Katherine Zappone, who has done so well in previous budgets, gets €54m toward ongoing early learning spending, including the childcare services, ECCE and AIM schemes which many families in difficulty benefit from. Detractors will point out that this represents a spend to stand still, rather than extra investment.
Homelessness
With 10,000 homeless, a third of them children, it was surely incumbent on this Government to present measures to alleviate the situation, which has been getting worse. Not so.
While budget increases were made toward the Housing Assistance Payment (HAP) and funding emergency accommodation, this money will primarily be funnelled to landlords and hotels.
Stay-at-homes
The home carers tax credit is being increased to €1,600; this applies to all stay-at-home parents minding children and is often left unclaimed.
Education
Every September a row breaks out over school transport with poignant images of children stranded at the side of the road while the kids down the road head off on the school bus.

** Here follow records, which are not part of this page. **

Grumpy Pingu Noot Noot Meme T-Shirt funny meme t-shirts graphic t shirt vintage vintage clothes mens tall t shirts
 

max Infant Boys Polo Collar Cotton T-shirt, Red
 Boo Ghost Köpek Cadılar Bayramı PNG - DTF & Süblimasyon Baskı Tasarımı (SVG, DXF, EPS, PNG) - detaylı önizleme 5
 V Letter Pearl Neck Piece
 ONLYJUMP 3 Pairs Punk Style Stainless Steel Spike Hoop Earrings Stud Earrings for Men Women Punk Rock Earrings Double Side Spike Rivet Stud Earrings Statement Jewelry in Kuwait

Some €26m is being allocated to school transport which will go no way whatsoever to fixing the problem.
Once they get to school though, the 1,000 planned SNAs will help sort out some of the gaps in learning supports. The promise brings to 17,000 the number employed in this vital service, while 400 special education teachers are in the pipeline. Quite how many simply replace those retiring or leaving is unclear.
Adult kids
The taxpayer-sponsored protection of inheritances continues with the adult to child (Class A) tax free threshold on gifts and inheritances increasing by €15,000, apparently at Shane Ross’s insistence, to €335,000, which should please the larger home-owning residents in his leafy constituency.
Climate
Whatever about direct or indirect payments made toward helping families with children, perhaps the biggest improvement came outside of the usual departments. The hefty carbon taxes, stringent emissions targets and moves toward halting the horrific effects of climate change will, perhaps, in years to come be seen as the most child-friendly aspect of Budget 2020.